新規インストール数に基づいた新料金の導入でゲーム開発者コミュニティに波紋を広げたUnity Technologiesが、米国時間の9月22日に修正案を公表した。Unity Personalプランおよび現在までのUnityエディタでビルドされたゲームを「Unity Runtime Fee」(以下ランタイム料金)の対象外にし、ランタイム料金の対象になるゲームについては収益シェアも選べるようにする。

Unityは9月12日に、新規インストール数に基づいたランタイム料金「Unity Runtime Fee」を2024年1月1日から導入すると発表した。無料で使い始められるUnity Personalプランでも、過去12カ月の収益が20万USドル以上でゲームのライフタイムインストール数が20万回に達すると、新規インストールあたり0.20ドルのランタイム料金が発生する。この突然の発表に、ゲーム開発者コミュニティから不満や戸惑いの声が噴出し、Unityから他のゲームエンジンへ移行する動きが広がり始めた。

そうした混乱や批判を受けて、Unityはコミュニティの意見を踏まえた対応を約束。22日に「An open letter to our community」を公開した。その中で、まずUnity Createをリードするマーク・ウイッテン(Marc Whitten)氏が事前の説明や意見収集を怠って新料金を発表したことを謝罪し、以下のようなコミュニティの懸念に対処する修正案を発表した。

  • Unity Personalはランタイム料金の対象から除外。また、Personalプランの使用条件である収益・ファンディング(過去12カ月)の上限を10万ドルから20万ドルに引き上げ、起動時の「Made with Unity」の表示義務を廃止する。
  • ランタイム料金の対象は2024年以降にリリースされるUnityの次のLTSバージョンから。それより前のバージョンでビルドされたゲームはランタイム料金の対象にはならない。
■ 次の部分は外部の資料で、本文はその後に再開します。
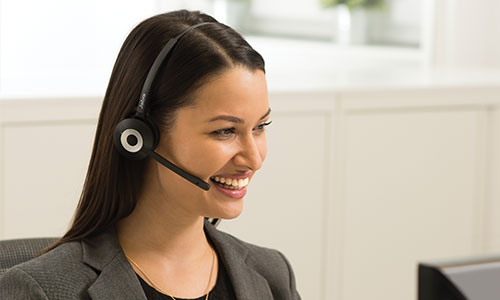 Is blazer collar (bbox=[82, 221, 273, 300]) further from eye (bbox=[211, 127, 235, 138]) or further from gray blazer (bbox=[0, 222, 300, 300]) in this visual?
eye (bbox=[211, 127, 235, 138])

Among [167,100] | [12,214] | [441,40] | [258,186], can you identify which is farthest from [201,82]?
[441,40]

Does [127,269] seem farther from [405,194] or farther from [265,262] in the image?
[405,194]

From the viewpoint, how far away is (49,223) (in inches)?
84.1

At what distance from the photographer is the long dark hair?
→ 1.16m

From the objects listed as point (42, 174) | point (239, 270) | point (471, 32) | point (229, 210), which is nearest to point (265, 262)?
point (239, 270)

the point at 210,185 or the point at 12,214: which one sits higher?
the point at 210,185

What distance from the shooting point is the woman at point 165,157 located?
115 cm

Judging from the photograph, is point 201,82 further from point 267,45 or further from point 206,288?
point 267,45

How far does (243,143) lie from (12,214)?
1074 mm

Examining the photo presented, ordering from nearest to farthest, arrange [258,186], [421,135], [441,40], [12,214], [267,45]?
1. [12,214]
2. [258,186]
3. [421,135]
4. [441,40]
5. [267,45]

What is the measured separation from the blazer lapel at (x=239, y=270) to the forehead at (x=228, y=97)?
0.76 ft

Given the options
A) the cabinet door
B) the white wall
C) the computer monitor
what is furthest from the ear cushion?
the white wall

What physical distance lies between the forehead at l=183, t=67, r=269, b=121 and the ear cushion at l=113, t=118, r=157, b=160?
0.20 ft

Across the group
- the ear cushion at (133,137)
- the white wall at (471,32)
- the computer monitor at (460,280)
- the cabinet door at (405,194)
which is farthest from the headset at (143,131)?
the white wall at (471,32) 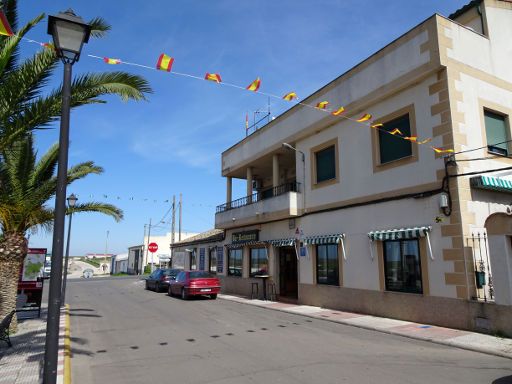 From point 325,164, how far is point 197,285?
8936 mm

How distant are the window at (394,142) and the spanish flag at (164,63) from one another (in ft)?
25.6

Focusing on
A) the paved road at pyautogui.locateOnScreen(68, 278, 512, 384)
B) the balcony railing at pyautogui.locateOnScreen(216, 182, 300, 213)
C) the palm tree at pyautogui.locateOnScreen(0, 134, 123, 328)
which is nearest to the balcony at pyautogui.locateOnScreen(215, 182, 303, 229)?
the balcony railing at pyautogui.locateOnScreen(216, 182, 300, 213)

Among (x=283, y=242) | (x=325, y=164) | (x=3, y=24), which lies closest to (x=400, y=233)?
(x=325, y=164)

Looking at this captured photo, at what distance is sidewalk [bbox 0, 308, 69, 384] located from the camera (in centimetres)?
676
利用規約は、ユーザーが使用しているUnityエディタのバージョンの条件が適用される。
  • ランタイム料金が発生する新たなしきい値:過去12カ月の収益が100万USドルかつイニシャルエンゲージメント100万件。
  • ランタイム料金が発生する場合、2.5%の収益シェアか、毎月のイニシャルエンゲージメントに基づいて算出される料金のいずれかを選べる。どちらの数字もユーザーが所有するデータに基づいた自己申告でよい(常に低い金額を選択可能)。